Celui qu’on qualifiait pendant trente-cinq ans d’historien ou de «mémoire du Parlement» vient encore une fois de faire parler de lui. C’est un autodidacte émérite qui a à son palmarès (après avoir été à ses débuts «chaouch» au Parlement)
une douzaine de livres dans lesquels il retrace l’histoire de l’institution parlementaire marocaine. Pour n’en citer que celui-ci et non des moindres: «Parlement et gouvernement, mémoire et histoire».
Abdelhaï Bennis, que ceux qui ne supportaient pas ou supportaient mal de le voir, lui, un «chaouch», faire le travail qu’ils n’ont pas réussi à réaliser et le qualifiaient de balayeur -parce qu’il balayait tous documents sur son passage-, vient de mettre au monde un nouveau-né: «Mémoire de »chaouch » au Parlement».
Au risque d’en choquer plus d’un, il ne fait rien pour maquiller sa situation sociale et administrative, sûr qu’on n’a pas toujours besoin de diplômes pour se faire une place dans le concert des écrivains ou même des historiens. Car -n’en déplaise à ceux qui lui ont dénigré ses titres pendant plus de trois décennies, ne comprenant pas comment un petit fonctionnaire ait pu se hisser au rang d’historien d’une aussi prestigieuse institution que le Parlement- il persiste et signe. Dans ses mémoires, il dit avoir rassemblé tout ce que ceux à qu’il pense -ses détracteurs jaloux de son don- dédaignaient, pour le servir à ceux assoiffés de connaissances, comme lui.
Bennis est passé de chaouch, venu directement de l’atelier de cordonnerie de son paternel Ba Driss Ben Mustapha Bennis, à historien du Parlement. Passage qui lui a ainsi valu d’être la cible de ceux qui ne savaient faire autre chose que conspirer contre les humbles qui pourtant clignotaient pour dépasser, par respect du code de la vie.

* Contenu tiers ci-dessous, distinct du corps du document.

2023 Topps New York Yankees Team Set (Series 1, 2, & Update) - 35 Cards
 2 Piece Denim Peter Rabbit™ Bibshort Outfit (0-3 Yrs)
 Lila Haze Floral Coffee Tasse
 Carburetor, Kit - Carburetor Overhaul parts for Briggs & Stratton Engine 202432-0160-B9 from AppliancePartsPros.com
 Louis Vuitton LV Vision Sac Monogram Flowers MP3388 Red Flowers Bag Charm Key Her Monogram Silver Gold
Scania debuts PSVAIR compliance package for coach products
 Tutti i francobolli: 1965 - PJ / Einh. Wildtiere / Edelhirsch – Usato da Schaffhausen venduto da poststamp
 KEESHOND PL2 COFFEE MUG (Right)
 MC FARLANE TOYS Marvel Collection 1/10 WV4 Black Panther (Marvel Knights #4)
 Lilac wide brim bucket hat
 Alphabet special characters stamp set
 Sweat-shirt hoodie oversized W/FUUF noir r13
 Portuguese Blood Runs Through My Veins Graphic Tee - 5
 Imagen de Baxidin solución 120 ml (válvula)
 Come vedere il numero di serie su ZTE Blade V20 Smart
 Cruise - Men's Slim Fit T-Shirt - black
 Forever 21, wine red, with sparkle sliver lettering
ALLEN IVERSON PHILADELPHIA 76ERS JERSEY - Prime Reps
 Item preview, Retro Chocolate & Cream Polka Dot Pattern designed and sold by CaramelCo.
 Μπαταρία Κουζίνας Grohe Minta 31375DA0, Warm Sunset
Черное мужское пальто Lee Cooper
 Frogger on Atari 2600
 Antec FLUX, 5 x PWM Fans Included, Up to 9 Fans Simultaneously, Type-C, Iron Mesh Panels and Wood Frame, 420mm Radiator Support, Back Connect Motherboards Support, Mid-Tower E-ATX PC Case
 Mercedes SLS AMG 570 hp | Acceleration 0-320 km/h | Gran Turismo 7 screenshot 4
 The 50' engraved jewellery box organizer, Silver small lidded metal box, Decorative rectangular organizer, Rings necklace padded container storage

En regardant dans le rétroviseur, l’historien du Parlement voit défiler des scènes où il était longtemps dédaigné, sa dignité bafouée et son honneur piétiné. Mais, d’un revers de main, Abdelhaï Bennis balaye tout, fier d’avoir résisté, par la seule plume et la mémoire. Sa revanche est de faire voir ses livres et son nom en bonne place dans les librairies, les bibliothèques, les universités renommées, comme celles d’Oxford et de Harvard, la bibliothèque du Congrès…
Pas du tout rancunier, Bennis sait pardonner et dit avoir pardonné, mais ne désarme pas pour autant. Car, même à la retraite, il continue d’écrire pour les générations à venir, auxquelles ses mémoires du Parlement témoigneront qu’un homme simple et honnête, appelé Abdelhaï Bennis, est passé par là et y a laissé ses empreintes, mais pas ses plumes…
Ce n’est donc que rendre justice à cet homme, en lui attribuant un Prix des meilleurs écrits sur le Parlement. Lui qui a beaucoup donné à cette institution… Sans en avoir rien reçu.